Evangelism and Guilt

Over the years I have wrestled with evangelism.  Not so much the doing of it, but the guilt of it, or better said, the guilt of not doing it.  Looking back in the history of my congregation as we prepare for our 125th anniversary, I noticed huge evangelism pushes back into the 1960's, and no doubt beyond.  It was "Church Growth" and "web evangelism"  and things of this sort by the 80's when my ministry started.  I remember going down to Ann Arbor to be trained in the Dialog Evangelism II program that had just been launched.  They took D.James Kennedy's work and reworked it again from Biesenthal's prior reworking, changing the "dialog questions" to reflect the new realities they observed in the population.  By the time I arrived out here in the country in 2000 Evangelism as a 'program' seemed much on the wane.  At any rate, one finds it difficult to carry out traditional door-to-door methods when your neighbors are mostly a half mile separated from each other, not to mention the fact that catching people home in the evening no longer is a given.  Nevertheless, St. Peter congregation has not ceased proclaiming the Gospel, and last Sunday I brought into membership a man who had spent much of his adult life outside the church.  This Sunday or maybe next I might bring in a couple who went through adult instruction and found our church as people who lived in the area and felt at home here since he was a Catholic and she was Nazarene. Both are educated with graduate degrees. People of all types  come to the faith and grow in the faith even when we don't go knocking on their doors every Wednesday, and despite the fact that we don't have an organized program.
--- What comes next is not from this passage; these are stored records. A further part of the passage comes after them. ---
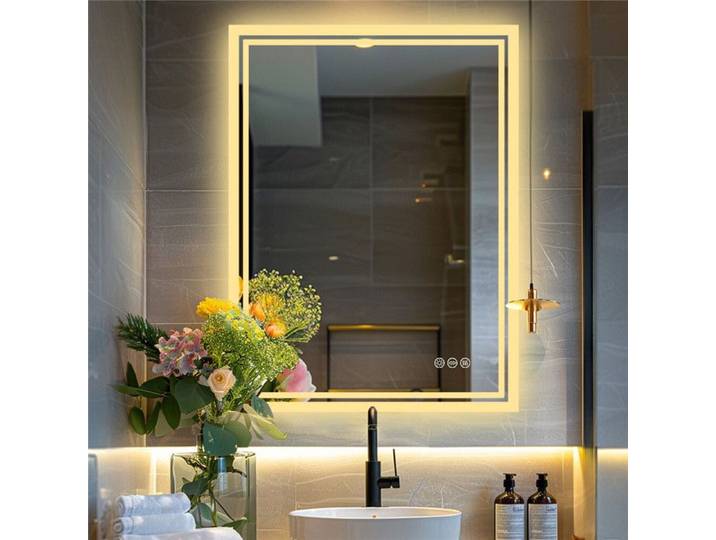 Miroir Salle Bain LED Mural - 90x70 cm Miroir Connecté Rectangulaire Miroir Intelligent Miroir Salle de Bain Lumineux Anti Buée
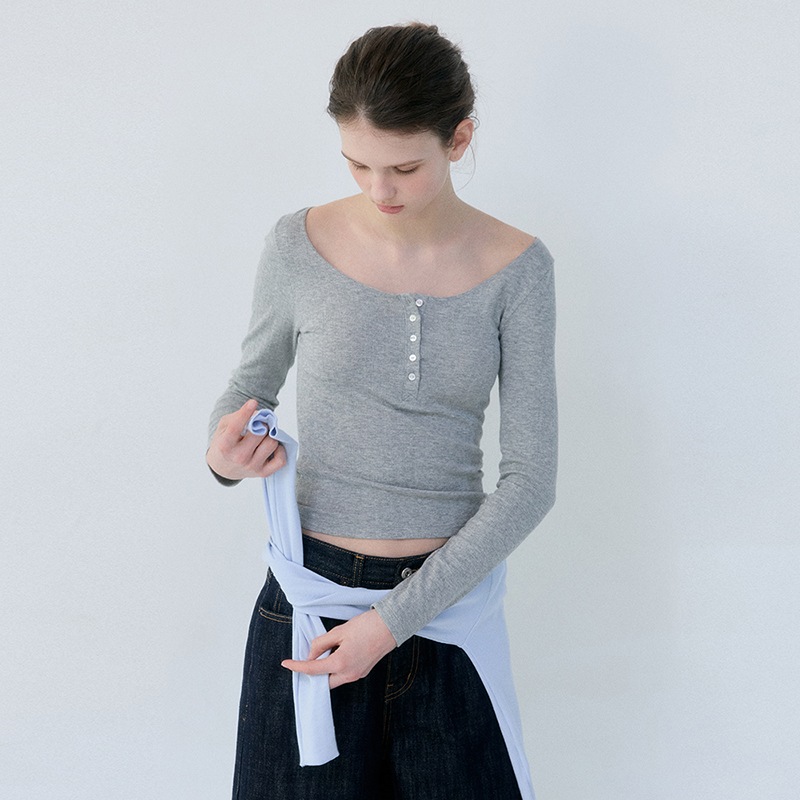 Henley neck Eyelet Long Sleeve (Melange)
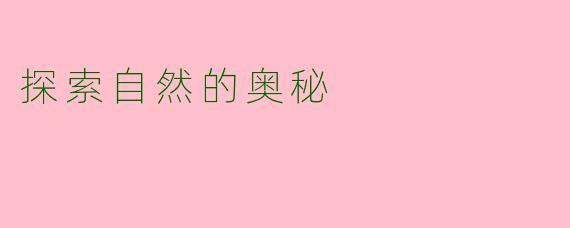 探索自然的奥秘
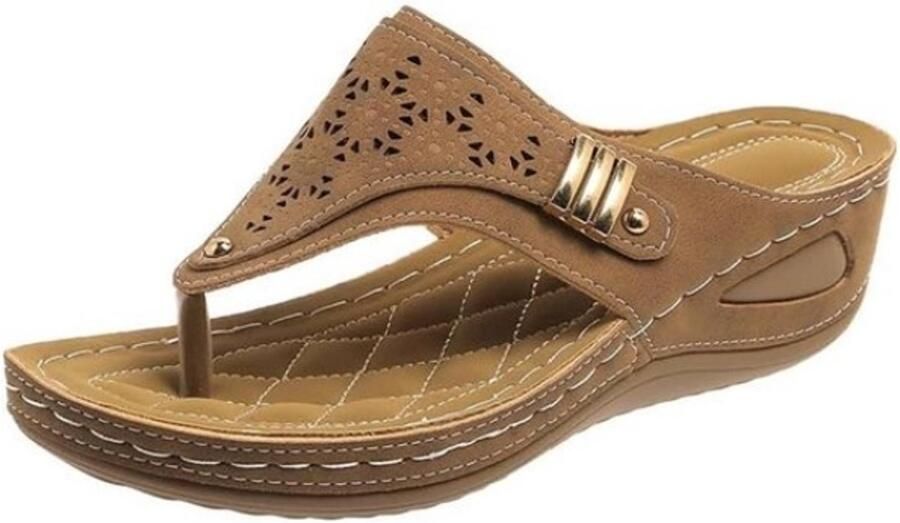 Casalora Kraftverdia Generisch Orthopedische sandalen voor dames met ondersteuning van de voetboog wigvormige slippers comfortabel elegant casual strandpantoffels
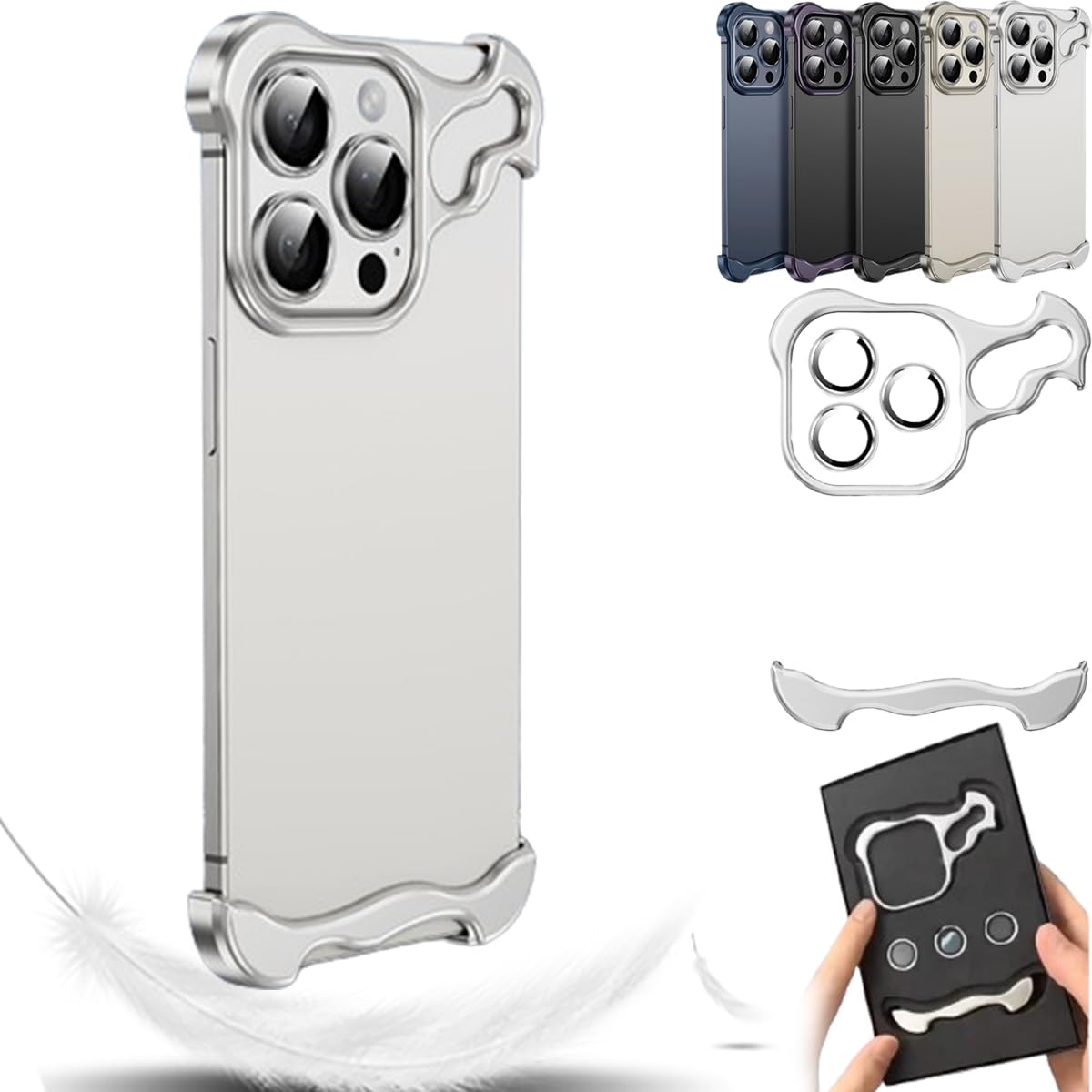 Special-Shaped Metal Corner Pad Anti-Fall Phone Case Suitable For iPhone 16 15 14 13 Pro Max, Borderless Slim No Back Bumper with Camera Cover Bumper Phone Case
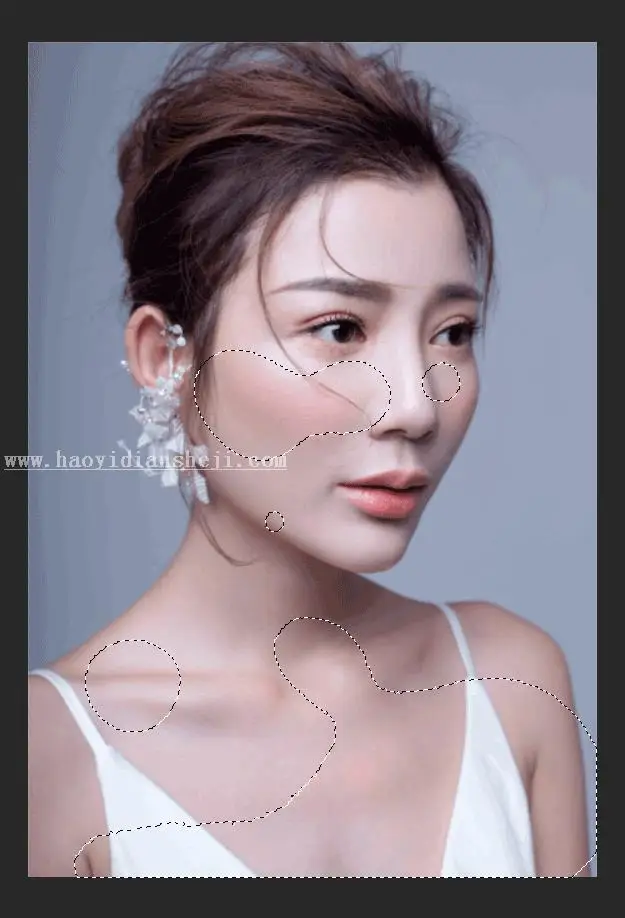 皮肤精修，用PS打造干净透亮的人物妆面造型_www.haoyidiansheji.com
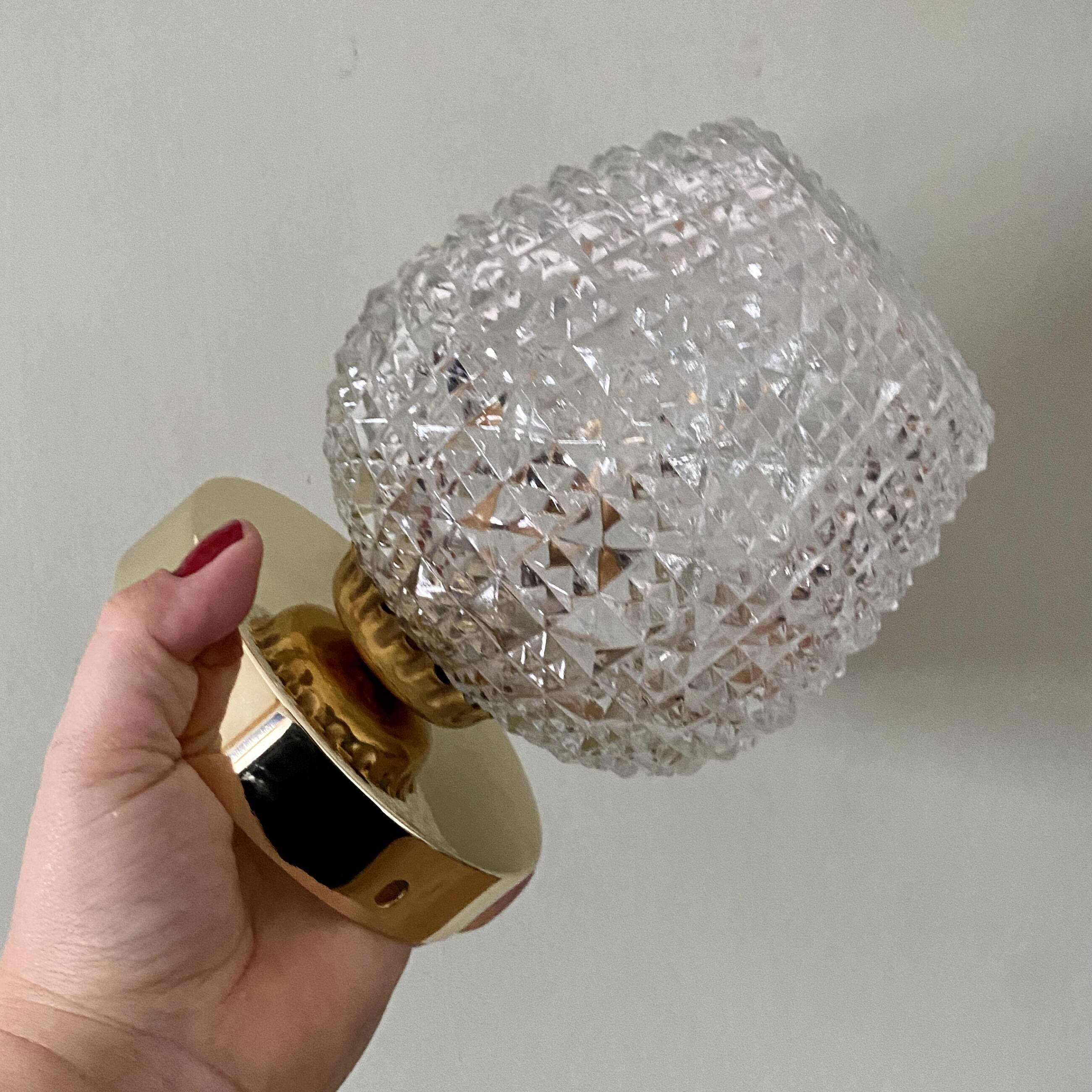 Vintage glass globe wall or ceiling light with diamond point.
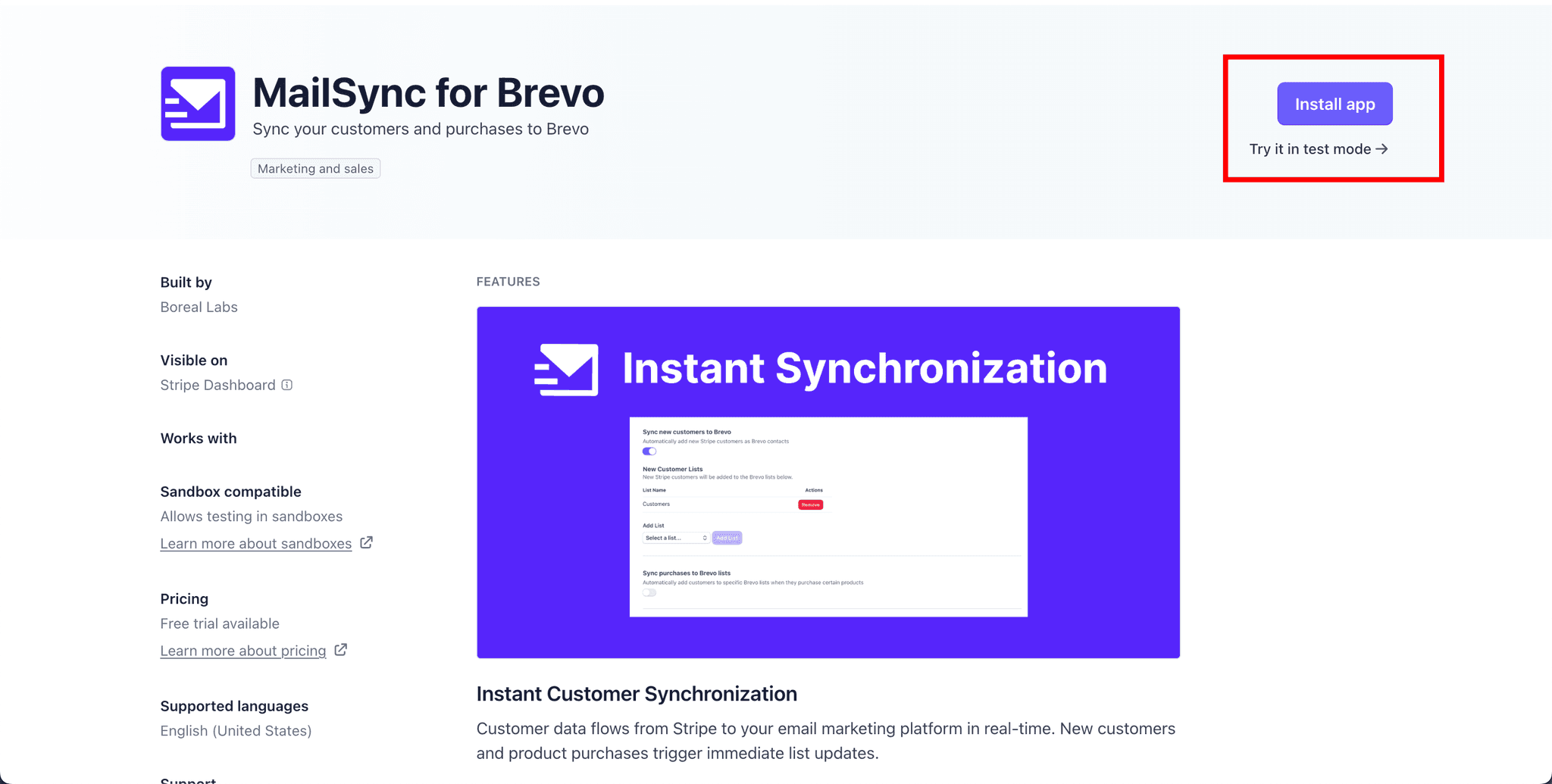 MailSync app in Stripe Marketplace showing install button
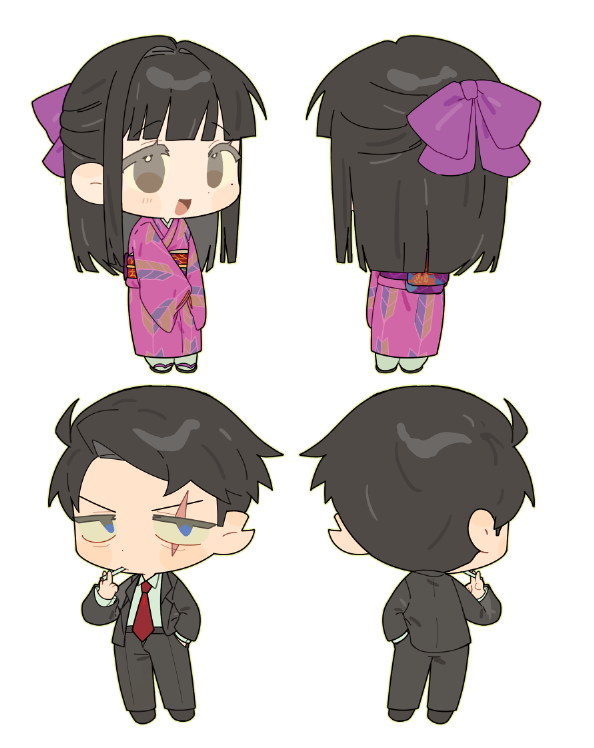 1boy, 1girl, black_footwear, black_hair, black_jacket, black_pants, bow, brown_eyes, brown_hair, chibi, cigarette, full_body, gegege_no_kitarou, hair_bow, holding, holding_cigarette, jacket, japanese_clothes, kimono, long_hair, mizuki_(gegege_no_kitarou), multiple_views, notched_ear, nyaten, okobo, pants, purple_bow, purple_kimono, ryuuga_sayo, sandals, scar, scar_across_eye, shoes, sidelocks, simple_background, smoking, standing, white_background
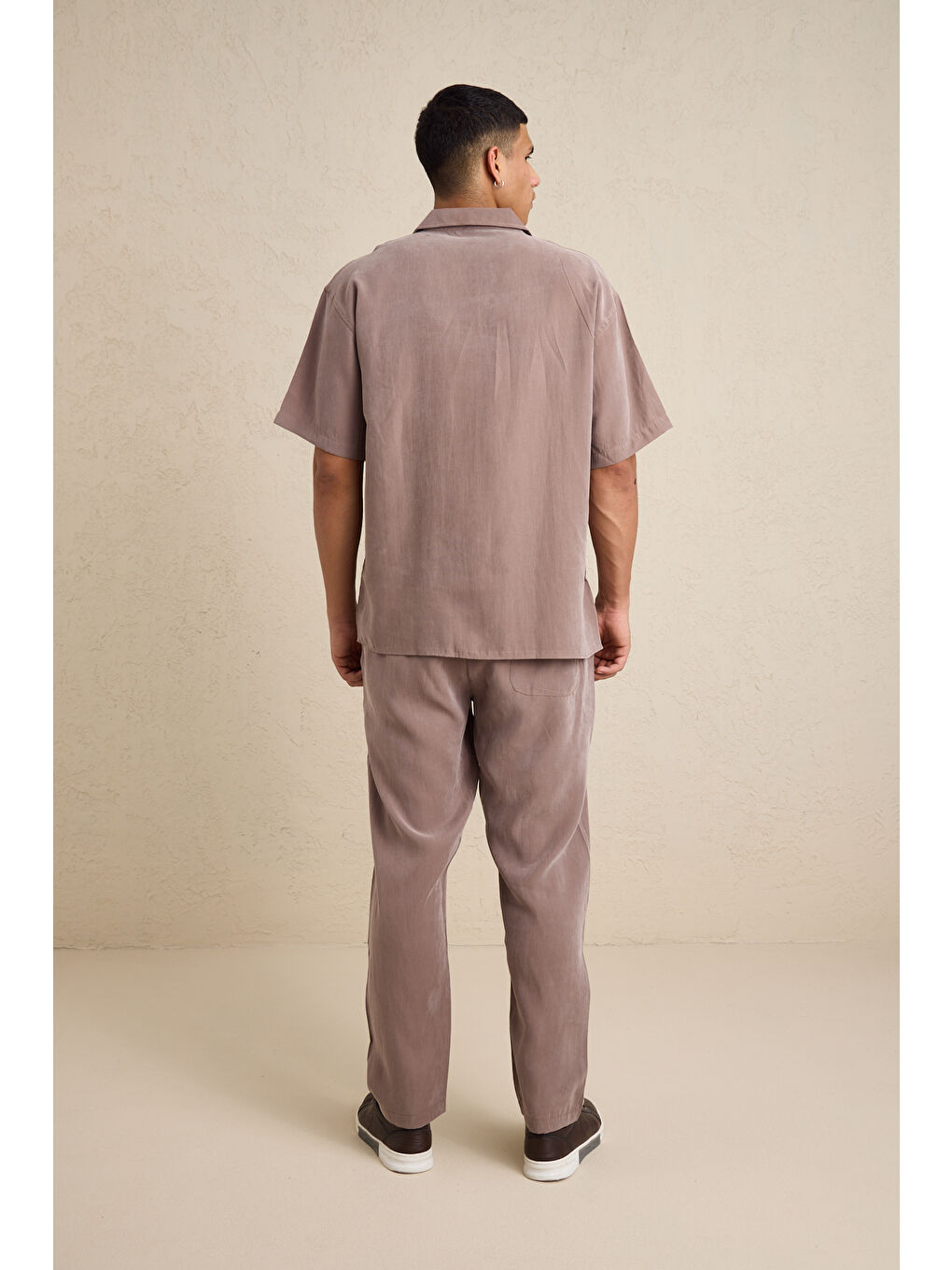 Bej Erkek Modal Kumaş Pantolon Gömlek Takım Vizon-4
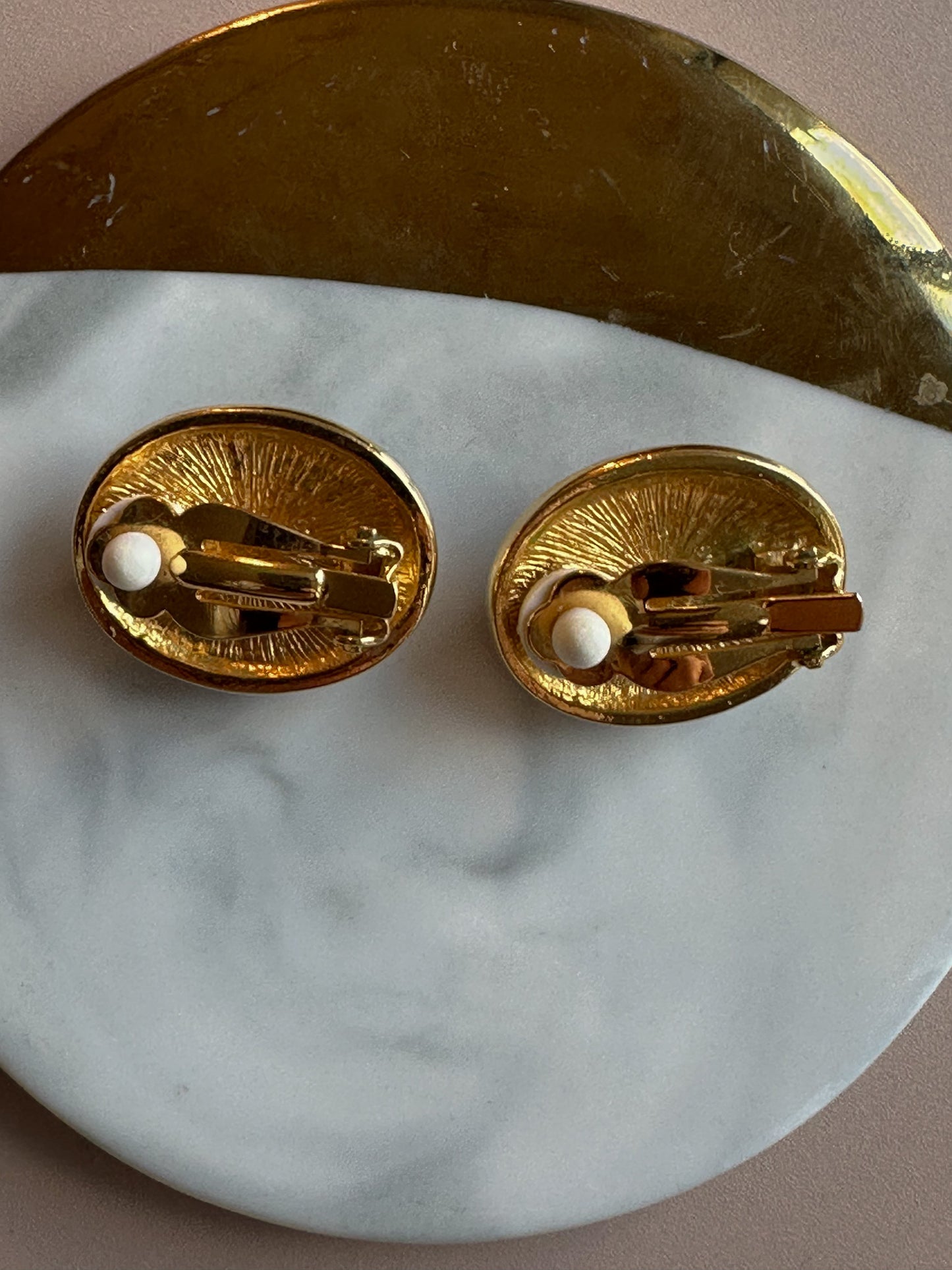 1970s Enamel/Goldtone Faux Pearl Earrings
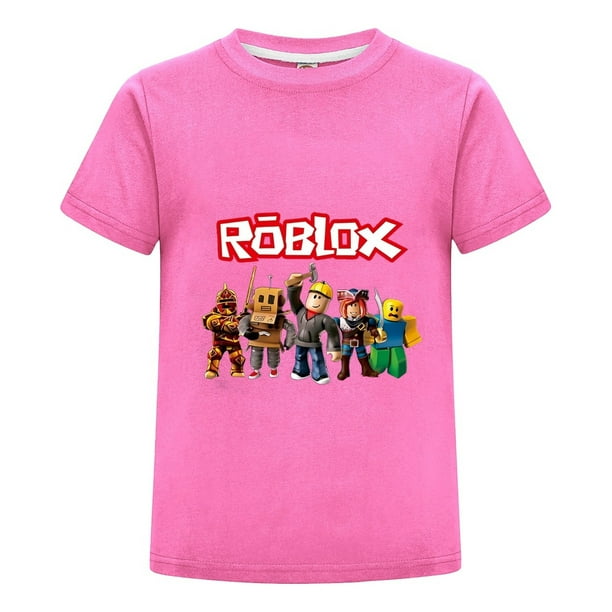 Ropa Infantil para Niño con Diseño de Roblox, Camiseta Gamer Estampada de Algodón, Playera Casual para Regalo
Amazing.  Along those lines I appreciated a recent piece posted by Pr. Weedon on his blog:
What I have come to rejoice in is this:  our Lord did not command, "Go, fish for men!" He rather promised, "Follow me and I will make you a fisher of men."  He did not say:  "Go, witness!" He promises, "Stay in the city until you are clothed with power from on high and you will be my witnesses...to the ends of the earth."  And He does make us so:  fishers and witnesses.  As we follow Him, as we seek to love Him and to love our neighbor, serving them and honoring them and opening our mouth whenever they ask us to account for the hope that is in us, the Lord actually has use of us in bringing others to faith.  But He solidly keeps His hands on the verbs for conversion.  Not only is it true that I cannot believe by myself; I cannot give faith to a single other person out there - no matter how clever I may be in my attempts.  But I can love them, serve them, rejoice in them, and whenever they ask an account - open my mouth to declare this great joy in which we live with our sins forgiven, our death destroyed, secure in the love of a Savior who loves them too and did all this for them as well.

Have you ever been in a conversation where you had the distinct impression that the other person asked a question of you, but really wasn't listening, wasn't interested, was only waiting to talk?  How frustrating that is?  And yet that's how we've made evangelism come off too often.  What a different critter it is when our witness to the Savior comes as a result of genuine inquiry.  And with no need to pressure the person - just to share with them the love that we have come to know and rejoice in and live from - and to assure them that it is for them as much as for us.  I see that as the Lord's keeping His gracious promise to us - to make us fishers, to make us witnesses.  Gift, not demand.  Promise, not burden.  Peace, not pressure.